Le week-end des 2006

pictU12  Matchs au Lévezou contre contre Albi et Lévezou

Par Pierre Fadeuilhe : Le cocktail « journée réussie »

Les amateurs le savent. Pour réaliser un cocktail délicieux, il ne s’agit pas de mélanger quelques ingrédients au hasard. Il faut créer une harmonie de façon à surprendre, ébahir voire émouvoir la personne qui est amenée à le déguster.

Un match de rugby, surtout s’il donne lieu à un long déplacement en bus, est aussi une alchimie qui dépend d’un juste dosage de certains ingrédients.

Trop d’amusement peut quelquefois nuire à la qualité du match et à l’ambiance au sein de l’équipe lors du chemin du retour. A l’inverse, trop de sérieux couplé à des cris d’entraineurs déversant plus leur mal-être que leurs conseils avisés peut enlever le plaisir de la pratique d’un sport collectif.

Pour être réussi, un match de rugby doit être un mélange harmonieux d’ingrédients. C’est ce type de cocktail que les benjamins 2006 ont concocté lors d’un déplacement à Réquista (12), le 1er avril 2017, pour y rencontrer l’équipe locale du Lévézou et celle d’Albi.

En voici la recette.

Prenez une grande dose de bonne humeur qui mêle rire, plaisanterie et futilité. Optez pour une marque de bonne humeur homologuée par des enfants de 10-11 ans, qui se dilue sans s’évaporer, qui s’empreigne sans déborder, qui se diffuse sans écœurer, efficace pour durer du bus aux vestiaires, du pique-nique au gouter d’après-match, des douches au parking du TUC.

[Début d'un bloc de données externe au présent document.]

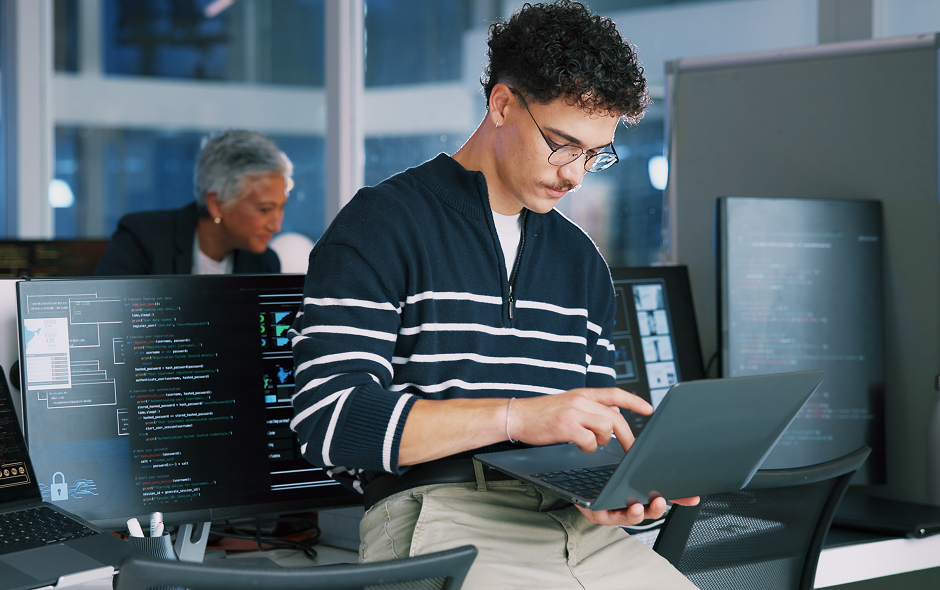 developer working on code on laptop in office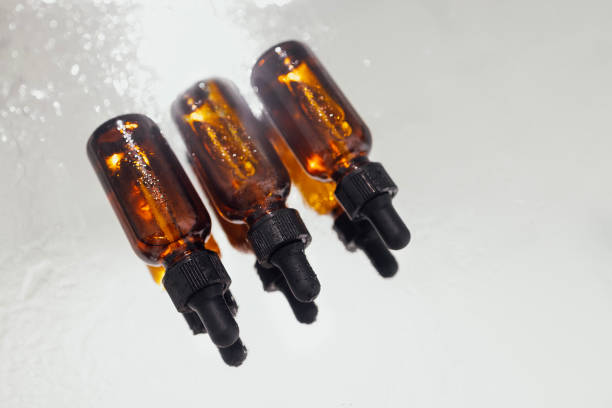 istock Group of bottles with drops on them and their reflection on a mirror surface 1484853266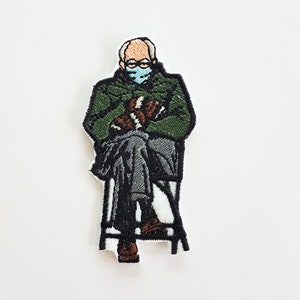 Può includere: Toppa ricamata di una persona che indossa una giacca verde e una maschera facciale blu, seduta su una sedia con le mani in grembo.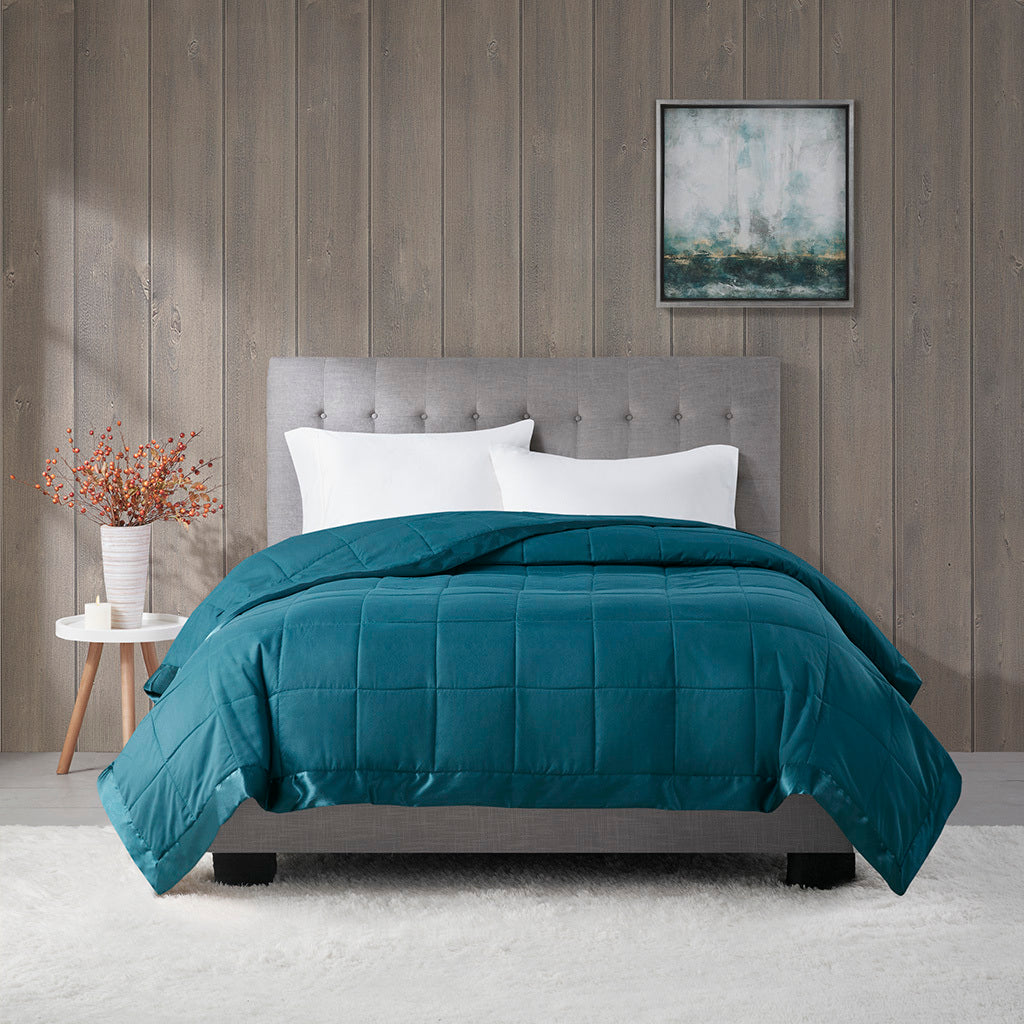 Teal Twin Down Alternative Blanket on bed with satin trim, ideal for cozy, hypoallergenic bedding in stylish home decor.
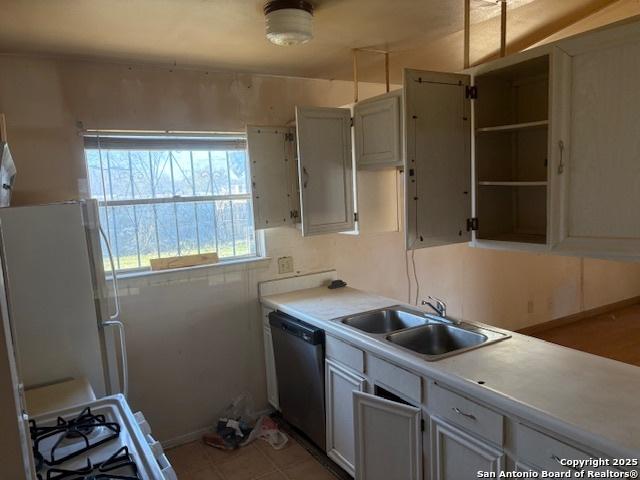 kitchen with stainless steel dishwasher, sink, white fridge, and stove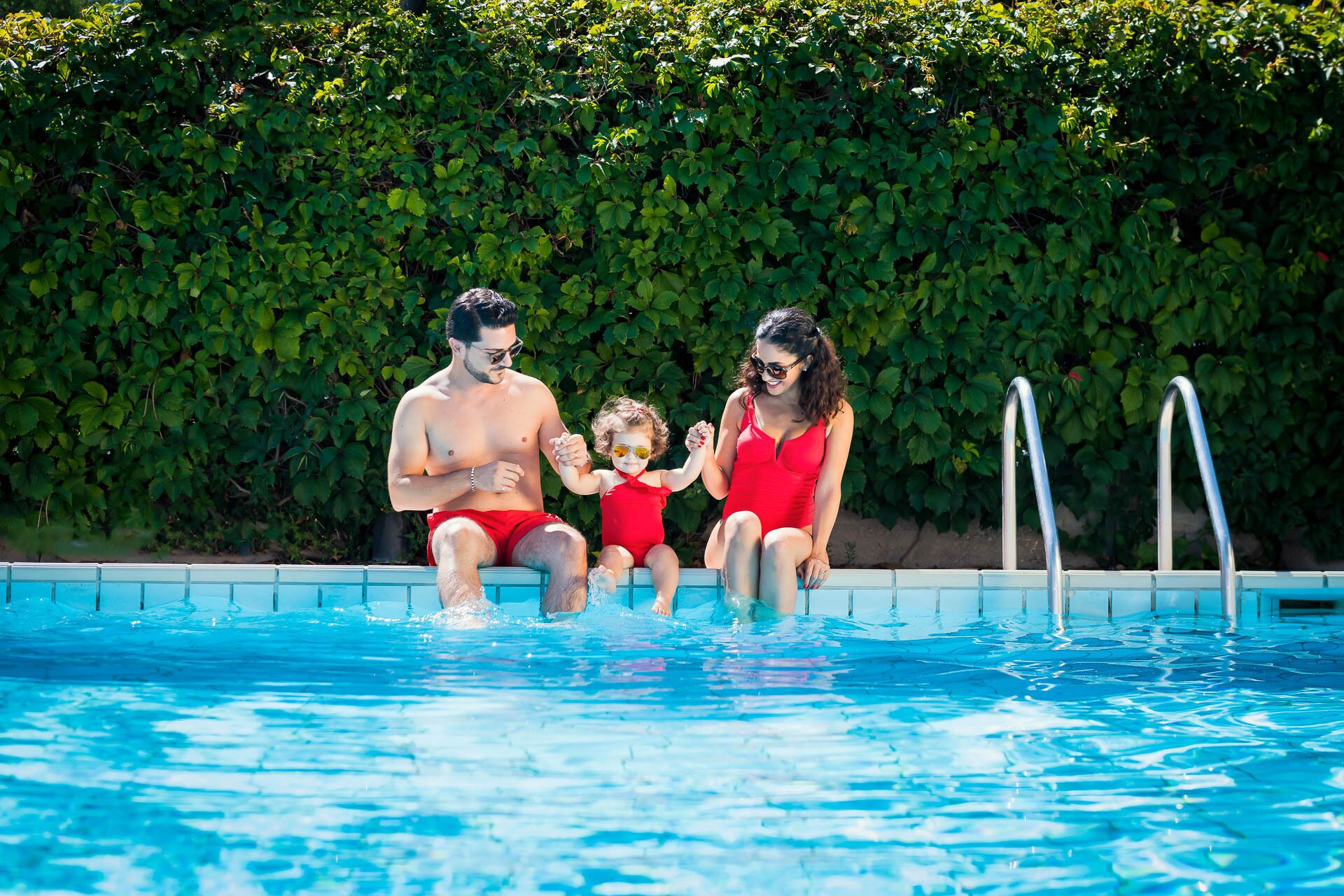 Una familia de tres junto a una piscina con un seto al fondo.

Prenez ensuite une dose compacte d’investissement collectif, une volonté de jouer ensemble, une combativité sans faille. Ajoutez-y une pincée de courage et d’abnégation pour faire face à des joueurs adverses aux physiques imposants, bâtis sur l’autel du grand air et de la qualité de la nourriture aveyronnaise.

Rajoutez-y enfin un peu d’eau, moins toutefois que celle de pluie qui s’est abattue sur tous les joueurs durant l’échauffement et une grande partie du match rendant ainsi le terrain très boueux, suffisante pour donner une touche dépaysante à la rencontre.

Pour décorer le tout, rajoutez-y deux victoires en deux matchs, sans prendre un essai et une prestation fort aboutie.

C’est prêt.

Sachez apprécier car le temps de l’enfance est court. Il ne se rattrape pas.